If you’re looking for an Indian restaurant where sweet becomes savoury and savoury becomes sweet, where spherification and cold smoke come as standard, and where influences from cuisines such as Thai, Italian and even British come together to provide an Indian meal with a difference, then look no further.
Chef Stephen Gomes is passionate about the reinvention of traditional Indian food. Cobra’s Best UK Indian Chef for much of the last decade, his Cardiff restaurant Moksh has been voted Best Indian Restaurant in Wales for 2013 – and took the runner up spot in the UK competition. High accolades indeed – and we were pleased to hear that the man himself would be cooking for us on the night of our first trip to Meluha.

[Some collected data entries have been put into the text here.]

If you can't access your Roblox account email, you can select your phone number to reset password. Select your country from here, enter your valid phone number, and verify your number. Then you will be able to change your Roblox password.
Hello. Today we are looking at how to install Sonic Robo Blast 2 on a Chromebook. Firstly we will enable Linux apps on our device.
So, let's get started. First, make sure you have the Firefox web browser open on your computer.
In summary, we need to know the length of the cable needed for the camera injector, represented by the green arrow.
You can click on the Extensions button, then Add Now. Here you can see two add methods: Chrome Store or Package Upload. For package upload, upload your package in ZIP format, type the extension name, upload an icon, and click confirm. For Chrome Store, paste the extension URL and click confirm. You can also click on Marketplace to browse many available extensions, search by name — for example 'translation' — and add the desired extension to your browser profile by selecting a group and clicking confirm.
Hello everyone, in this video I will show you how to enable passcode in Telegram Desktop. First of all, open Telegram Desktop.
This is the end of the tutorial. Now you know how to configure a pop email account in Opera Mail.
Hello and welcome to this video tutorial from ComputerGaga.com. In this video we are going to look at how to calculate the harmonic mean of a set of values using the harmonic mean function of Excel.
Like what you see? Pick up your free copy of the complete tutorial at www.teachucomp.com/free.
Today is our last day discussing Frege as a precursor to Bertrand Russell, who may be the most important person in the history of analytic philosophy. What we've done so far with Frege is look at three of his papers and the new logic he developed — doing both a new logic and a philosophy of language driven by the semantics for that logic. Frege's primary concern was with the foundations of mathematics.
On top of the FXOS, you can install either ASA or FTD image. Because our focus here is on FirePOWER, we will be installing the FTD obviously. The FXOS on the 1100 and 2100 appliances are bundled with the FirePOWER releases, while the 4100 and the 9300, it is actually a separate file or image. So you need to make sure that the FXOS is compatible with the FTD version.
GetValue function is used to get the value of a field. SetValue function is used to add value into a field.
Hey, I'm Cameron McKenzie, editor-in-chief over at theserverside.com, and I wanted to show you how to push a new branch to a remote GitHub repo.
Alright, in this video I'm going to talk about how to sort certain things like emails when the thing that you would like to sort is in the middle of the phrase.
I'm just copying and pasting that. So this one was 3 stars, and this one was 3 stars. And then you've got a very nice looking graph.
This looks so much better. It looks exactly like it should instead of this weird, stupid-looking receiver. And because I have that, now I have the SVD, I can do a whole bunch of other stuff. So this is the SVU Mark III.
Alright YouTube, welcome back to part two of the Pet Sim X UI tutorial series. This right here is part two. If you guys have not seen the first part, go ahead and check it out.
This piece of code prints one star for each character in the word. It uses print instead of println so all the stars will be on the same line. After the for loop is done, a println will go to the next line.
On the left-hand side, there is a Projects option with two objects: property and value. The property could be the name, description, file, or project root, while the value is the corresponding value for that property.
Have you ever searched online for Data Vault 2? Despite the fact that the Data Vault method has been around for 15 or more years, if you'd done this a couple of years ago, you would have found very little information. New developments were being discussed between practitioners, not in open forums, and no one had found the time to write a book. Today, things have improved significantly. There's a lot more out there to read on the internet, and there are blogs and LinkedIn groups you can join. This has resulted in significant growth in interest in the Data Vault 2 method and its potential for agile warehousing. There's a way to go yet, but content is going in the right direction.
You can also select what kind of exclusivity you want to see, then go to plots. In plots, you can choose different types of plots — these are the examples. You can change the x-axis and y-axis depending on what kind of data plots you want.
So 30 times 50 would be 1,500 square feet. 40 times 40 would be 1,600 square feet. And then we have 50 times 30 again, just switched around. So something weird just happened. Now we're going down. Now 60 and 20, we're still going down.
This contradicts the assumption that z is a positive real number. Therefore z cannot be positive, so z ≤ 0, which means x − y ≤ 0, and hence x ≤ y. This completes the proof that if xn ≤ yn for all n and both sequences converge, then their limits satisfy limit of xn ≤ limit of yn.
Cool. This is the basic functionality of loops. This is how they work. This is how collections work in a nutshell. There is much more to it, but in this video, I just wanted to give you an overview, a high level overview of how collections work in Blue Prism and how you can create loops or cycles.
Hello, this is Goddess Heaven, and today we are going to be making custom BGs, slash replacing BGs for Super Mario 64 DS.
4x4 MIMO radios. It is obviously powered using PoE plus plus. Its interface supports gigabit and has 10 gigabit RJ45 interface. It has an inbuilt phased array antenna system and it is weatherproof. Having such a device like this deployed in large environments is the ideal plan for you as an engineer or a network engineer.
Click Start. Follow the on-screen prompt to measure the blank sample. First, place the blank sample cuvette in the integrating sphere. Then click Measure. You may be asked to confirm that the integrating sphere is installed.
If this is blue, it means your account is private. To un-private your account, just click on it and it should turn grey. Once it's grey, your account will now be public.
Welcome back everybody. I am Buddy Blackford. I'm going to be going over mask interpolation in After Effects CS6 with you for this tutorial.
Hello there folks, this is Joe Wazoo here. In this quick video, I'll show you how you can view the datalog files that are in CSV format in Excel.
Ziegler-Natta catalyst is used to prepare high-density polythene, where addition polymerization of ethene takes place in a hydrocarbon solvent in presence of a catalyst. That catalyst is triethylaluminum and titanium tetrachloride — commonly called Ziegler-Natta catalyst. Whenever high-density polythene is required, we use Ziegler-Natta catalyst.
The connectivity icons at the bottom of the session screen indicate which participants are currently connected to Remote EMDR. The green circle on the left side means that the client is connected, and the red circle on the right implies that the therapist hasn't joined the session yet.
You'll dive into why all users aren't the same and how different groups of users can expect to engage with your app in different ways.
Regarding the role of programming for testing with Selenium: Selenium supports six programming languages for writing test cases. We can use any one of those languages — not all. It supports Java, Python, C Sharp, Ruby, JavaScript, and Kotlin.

Housed in the old ASK restaurant on Park Street, diners are surrounded by statement wall paintings and treated to a multi-sensory meal from the a la carte menu, or can opt for the gourmet taster menu, the gallery menu for private bookings, or the new chef’s table menu, available soon.
After poppadums with some fantastic chutneys (including a moreish guacamole with chilli) and a palate cleanser of a highly spiced lentil and spinach soup, we were taken on a whirlwind tour of some of Chef Stephen’s favourite dishes, beginning with an amuse bouche that is one of the favourites that has been brought over from his Cardiff restaurant. The “Salmon in the bay” introduced us to Meluha’s love affair with Kilner jars: one such jar containing cold-smoked, delicately flavoured salmon tikka (complete with smoke) with a spherification of spices, alongside a glass of the sweet and rich bacon jam, the plate dusted in edible sand. The combination of flavours shouldn’t have worked, but it did. Outstanding.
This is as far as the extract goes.